Lane Control Signals
Lane control signals can change lane directions.
It’s so important to know and obey these signals as you don’t want to catch yourself counterflowing.
Here, the colors convey the same meaning as traffic lights, but it only applies to the lane the signal is above.
Pedestrian signals are for people crossing instead of drivers.
These signals are pretty self-explanatory.
Some pedestrian signals have timers to show you how much time until the “walk” or “don’t walk” signal will change.
Tennessee Pavement Markings
Besides Tennessee road signs and signals, there are also pavement markings you should be aware of.
Pavement markings help indicate the rules of the road, such as passing and driving directions.
Broken white lines are for traffic flowing in the same direction. This gives you the all-clear to pass.
Broken yellow lines signify a two-way road. Here, passing is allowed — after you confirm no other vehicle is coming in your direction.

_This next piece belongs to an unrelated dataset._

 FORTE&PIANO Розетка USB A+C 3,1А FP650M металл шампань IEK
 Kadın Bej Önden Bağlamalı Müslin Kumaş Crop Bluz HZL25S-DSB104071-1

Solid yellow lines and broken yellow lines indicate passing restrictions.
You won’t be able to pass if the solid yellow line is on your side. If the broken line is on your side, then passing is allowed when safe to do so.
Two solid yellow lines prevent passing from both sides. You may only pass when the line has broken up on your side.
HOV lanes have a diamond in the center. This comes into play during times of heavy traffic, where only large vehicles (such as buses and trucks) are allowed to use it.
Two Rs with an X in the middle signifies a railroad crossing. You should stop or slow down to observe any passing trains.
Stop lines or crosswalks signify where cars should come to a stop, to prevent spilling over into the crosswalk when pedestrians are moving.
ONLY turn arrows signify that the lane is only for vehicles looking to move in the direction of the arrow, whether to turn right or left.
So there you have it — a complete guide to the Tennessee road signs.
Many of the signs up above are easy to remember, being pretty self-explanatory.
But if you’re not sure of the meaning, you can check its shape and color to have an idea of what type of sign it is.
From there, you can get a good idea of what the signs mean.
And when you understand what the sign means, make sure you obey it.
This will make you the best and safest driver.